What better way to inspire a love of looking things up than by introducing
my children to the world's leading authority on words? This was a reference
work whose first edition took 70 years to complete, and whose 291,500
entries, 2,436,600 quotations (33,300 for Shakespeare alone!) and 219,800
etymologies could save me on a wide variety of pesky queries.

But my local bookstore didn't carry the 20-volume current edition. Was it
because of a lack of shelf space (the OED is 21,730 pages)? Or its weight
(137.7 pounds, or 62.5 kilograms)? Or its price ($895)?

Undeterred, I went online to the dictionary's official site, oed.com. There
I learned about many versions of the dictionary, including a shorter $150
edition with more than 500,000 definitions and a CD-ROM version (which I
rejected on grounds that it would not teach alphabetical order).

There was the compact version of the complete dictionary (with type that
required a magnifying glass to read), the "Additions" (three volumes of
updates) and even an online version (subscriptions cost $295 a year). I
phoned Don Myers, a U.S. spokesman for the Oxford University Press, for
guidance. "Is there a reason to buy the full 20-volume set over other
versions?" I asked. "To be honest, I often recommend either the CD-ROM
version or the online version," he said. "It's faster to look up things,
it's several hundred dollars cheaper and it's not a behemoth."

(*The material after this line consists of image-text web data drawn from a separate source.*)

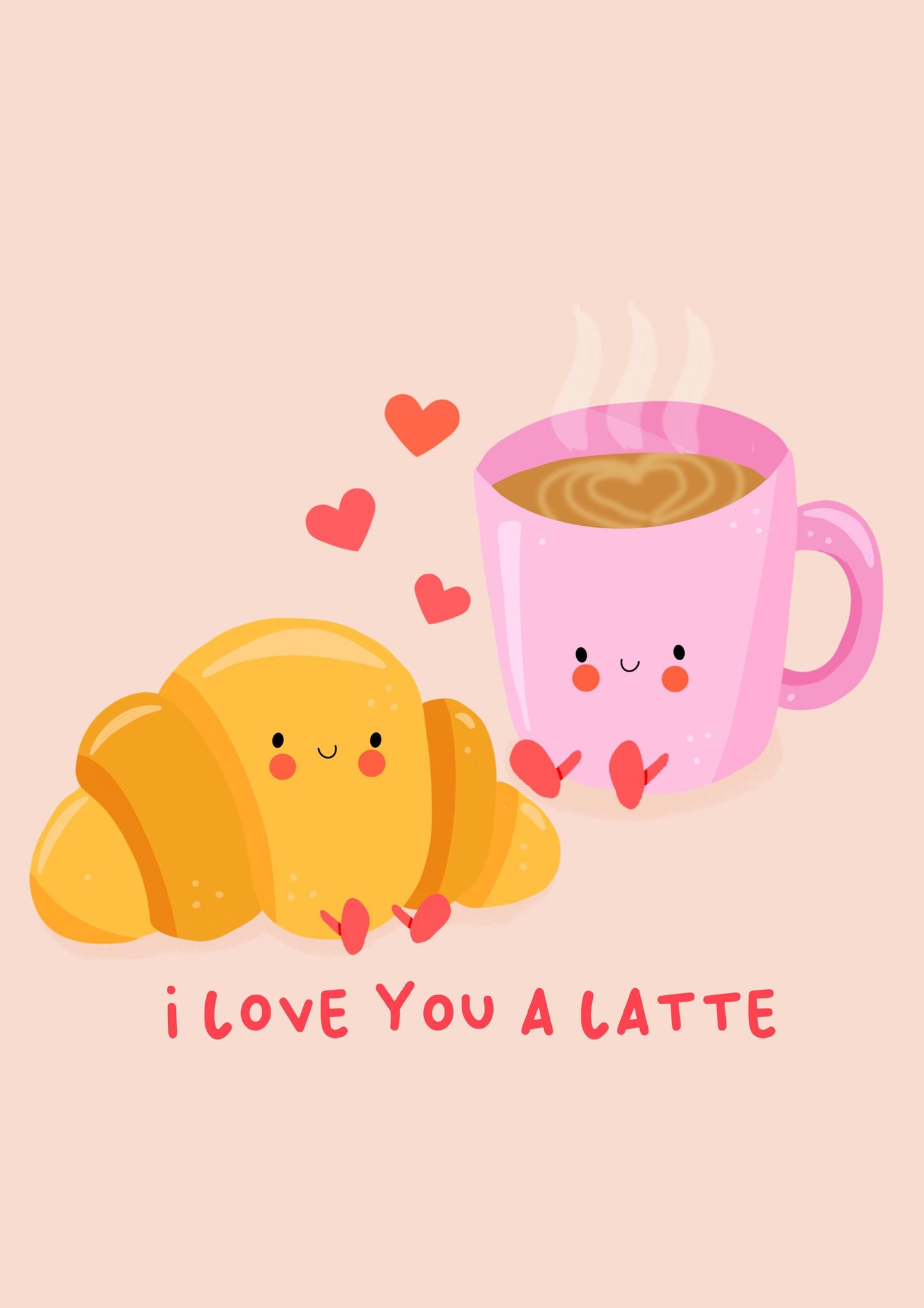 I Love You a Latte - Greeting Card - Cute Coffee and Croissant Card for Valentine’s Day, Anniversaries, or Love Notes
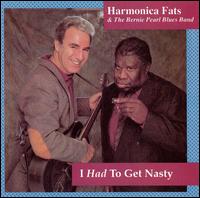 Harmonica Fats - I Had to Get Nasty lyrics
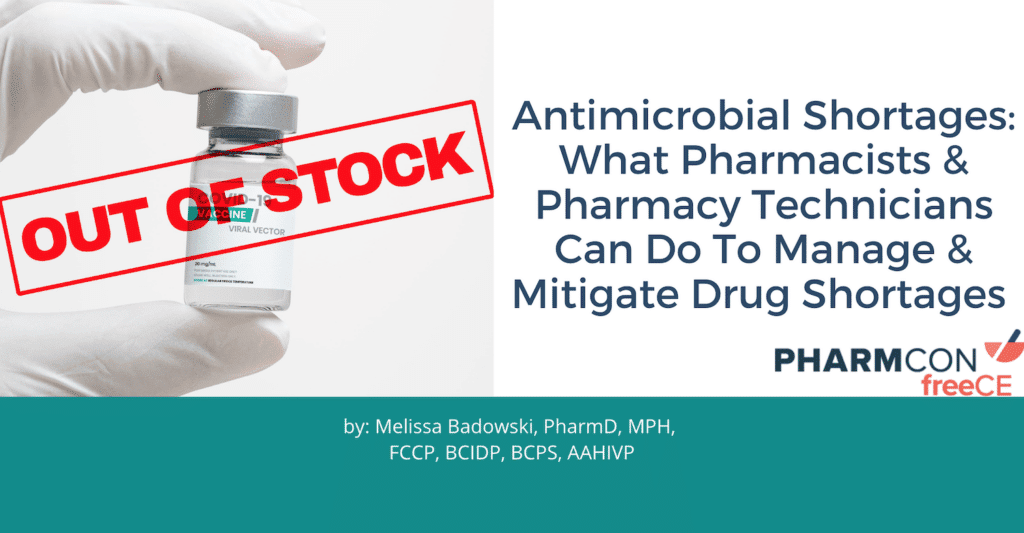 antimircrobial drug shortages in pharmacy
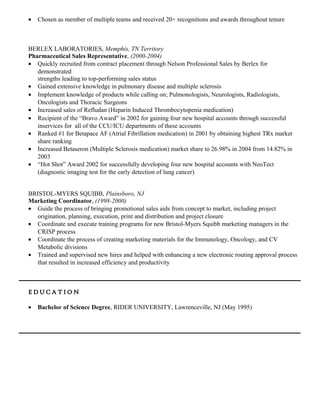 • Chosen as member of multiple teams and received 20+ recognitions and awards throughout tenure
BERLEX LABORATORIES, Memphis, TN Territory
Pharmaceutical Sales Representative, (2000-2004)
• Quickly recruited from contract placement through Nelson Professional Sales by Berlex for
demonstrated
strengths leading to top-performing sales status
• Gained extensive knowledge in pulmonary disease and multiple sclerosis
• Implement knowledge of products while calling on; Pulmonologists, Neurologists, Radiologists,
Oncologists and Thoracic Surgeons
• Increased sales of Refludan (Heparin Induced Thrombocytopenia medication)
• Recipient of the “Bravo Award” in 2002 for gaining four new hospital accounts through successful
inservices for all of the CCU/ICU departments of these accounts
• Ranked #1 for Betapace AF (Atrial Fibrillation medication) in 2001 by obtaining highest TRx market
share ranking
• Increased Betaseron (Multiple Sclerosis medication) market share to 26.98% in 2004 from 14.82% in
2003
• “Hot Shot” Award 2002 for successfully developing four new hospital accounts with NeoTect
(diagnostic imaging test for the early detection of lung cancer)
BRISTOL-MYERS SQUIBB, Plainsboro, NJ
Marketing Coordinator, (1998-2000)
• Guide the process of bringing promotional sales aids from concept to market, including project
origination, planning, execution, print and distribution and project closure
• Coordinate and execute training programs for new Bristol-Myers Squibb marketing managers in the
CRISP process
• Coordinate the process of creating marketing materials for the Immunology, Oncology, and CV
Metabolic divisions
• Trained and supervised new hires and helped with enhancing a new electronic routing approval process
that resulted in increased efficiency and productivity
E D U C A T I O N
• Bachelor of Science Degree, RIDER UNIVERSITY, Lawrenceville, NJ (May 1995)
 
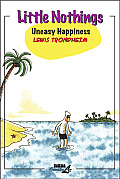 Uneasy Happiness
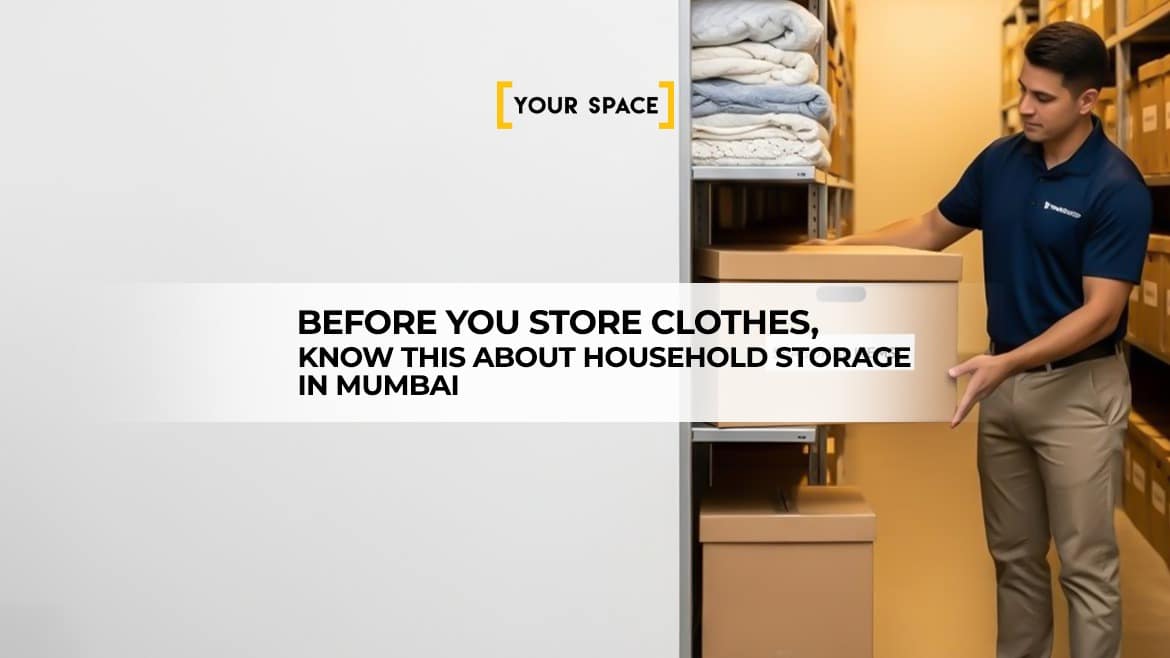 Before You Store Clothes, Know This About Household Storage in Mumbai.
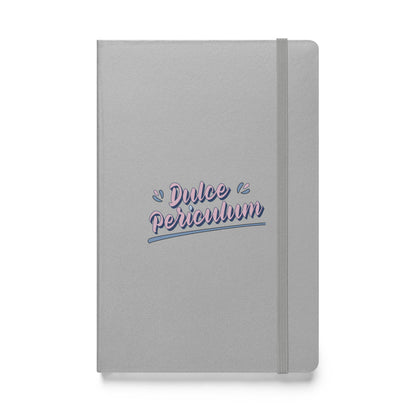 Dulce Periculum Hardcover bound notebook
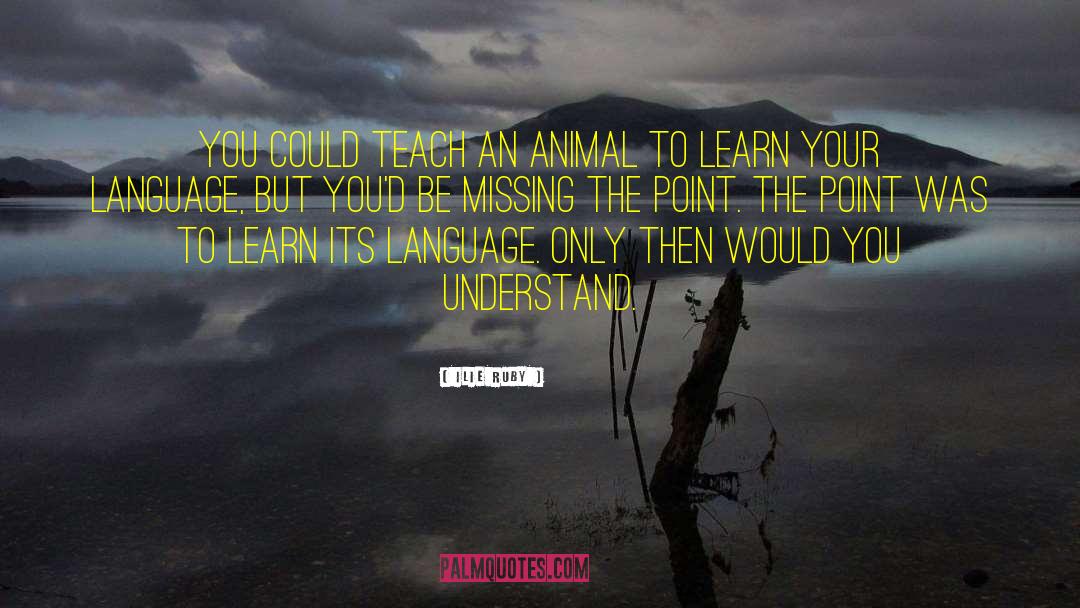 Ilie Ruby Quotes: You could teach an animal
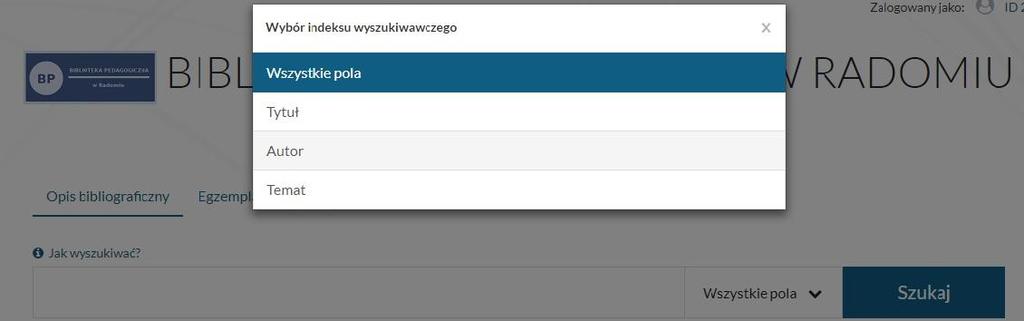 Wyszukiwanie w INTEGRO - indeks - Autor Aby wejść do tego indeksu należy z rozwijanego menu znajdującego się pod przyciskiem Wszystkie pola wybrać Autor.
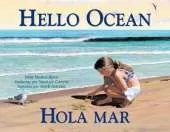 Hola mar / hello ocean (Spanish Bilingual Edition)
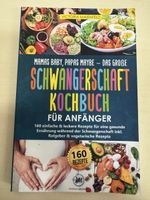 Schwangerschaft Kochbuch für Anfänger Victoria Maienfeld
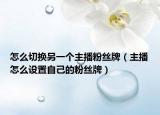 怎么切換另一個主播粉絲牌（主播怎么設(shè)置自己的粉絲牌）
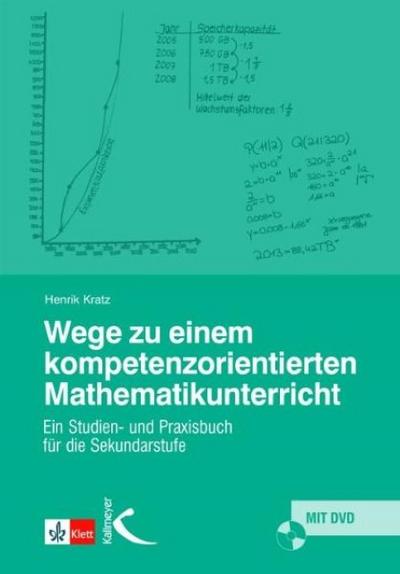 Wege zu einem kompetenzorientierten Mathematikunterricht : Ein Studien- und Praxisbuch für die Sekundarstufe - Henrik Kratz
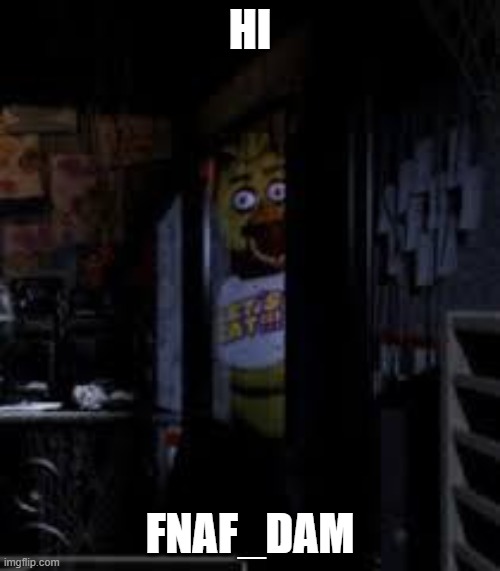 hello | HI; FNAF_DAM | image tagged in chica looking in window fnaf | made w/ Imgflip meme maker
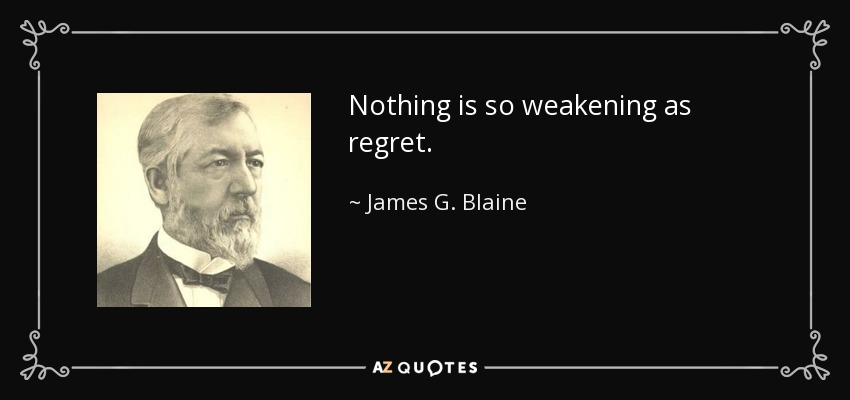 Nothing is so weakening as regret. - James G. Blaine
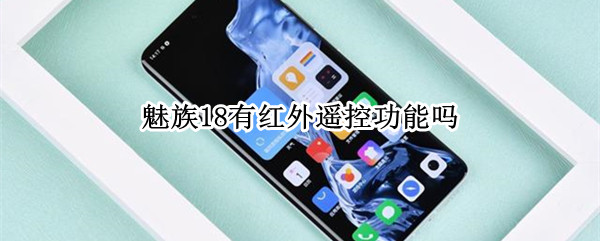魅族18有红外遥控功能吗 魅族18pro有红外遥控功能吗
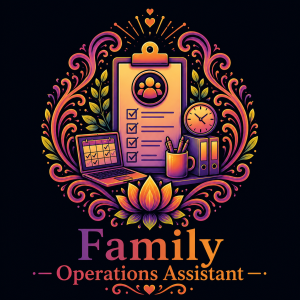 Family Operations Assistant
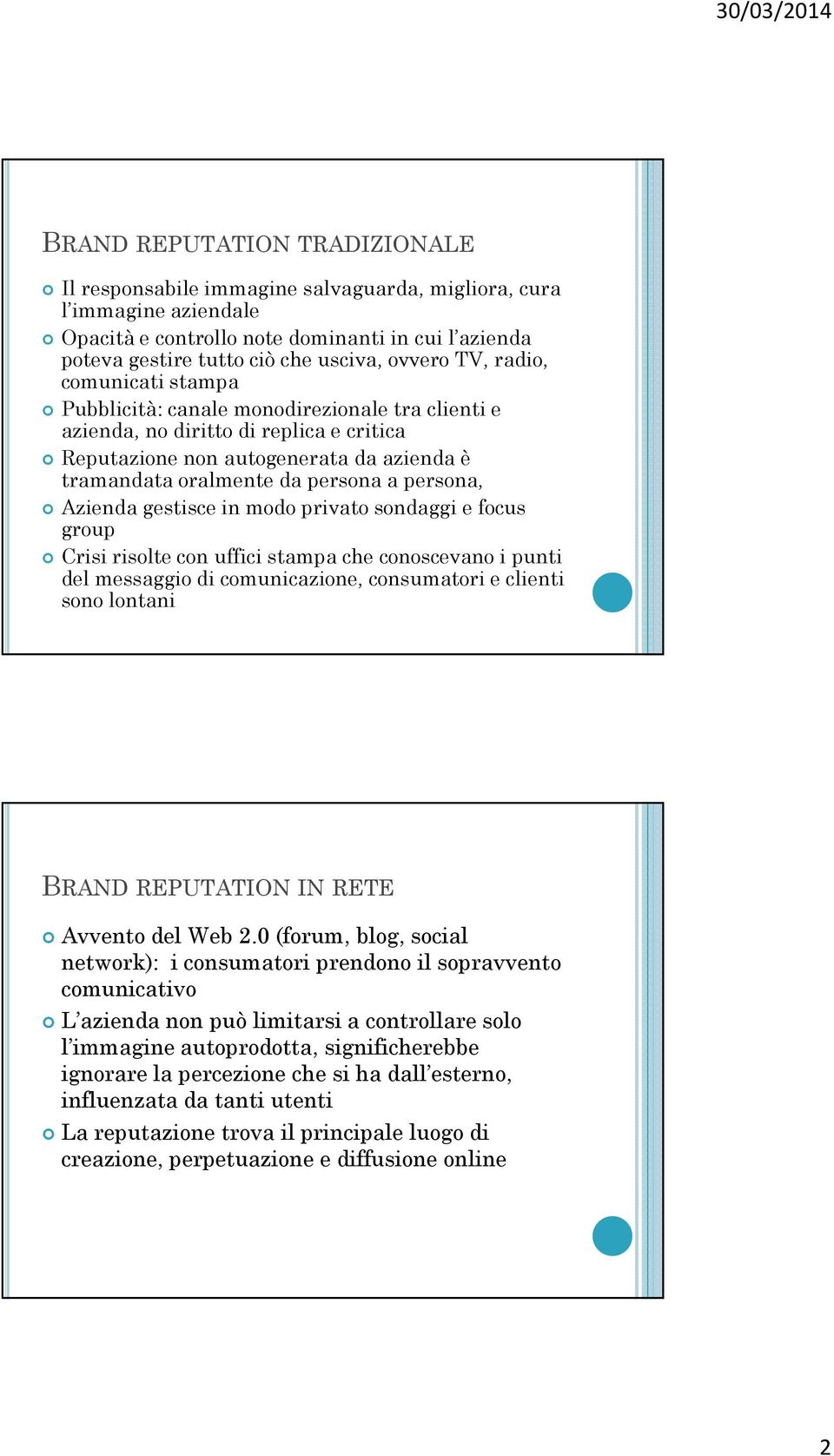 persona, Azienda gestisce in modo privato sondaggi e focus group Crisi risolte con uffici stampa che conoscevano i punti del messaggio di comunicazione, consumatori e clienti sono lontani BRAND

To prove his point, Myers gave me a temporary reviewer's account to sample
the online version. I had to admit it was a lot of fun to learn, within
seconds, not only that "prom" started life as an abbreviation for the
British "promenade," but also that as early as 1894 the word appeared as a
description for a school dance, as in, "I have been invited over to the
Smith Junior Prom."

I started to waver. After all, where would I store 20 volumes? I turned to a
professional linguist.

"You don't want to get the OED," was the first thing that Geoffrey Nunberg
said to me. Nunberg, a Stanford University linguist who heads the American
Heritage Dictionary's usage panel, had strong opinions. He rattled off a
list of substitutes to investigate: Merriam-Webster (m-w.com), Random House (www.randomhouse.com), Webster's New World (wiley.com) and American Heritage (bartleby.com).

"Each has its virtues, but it's like buying a midsize station wagon,"
Nunberg said. "In the end, which model you like will be a personal
decision."

So what did I do? I looked up "indecision" at oed.com and learned, "The term
indecision, in a man's character, implies an idea very nicely different from
that of irresolution; yet it has a tendency to produce it."

I have forgotten who said that. But the children can Google it for me later.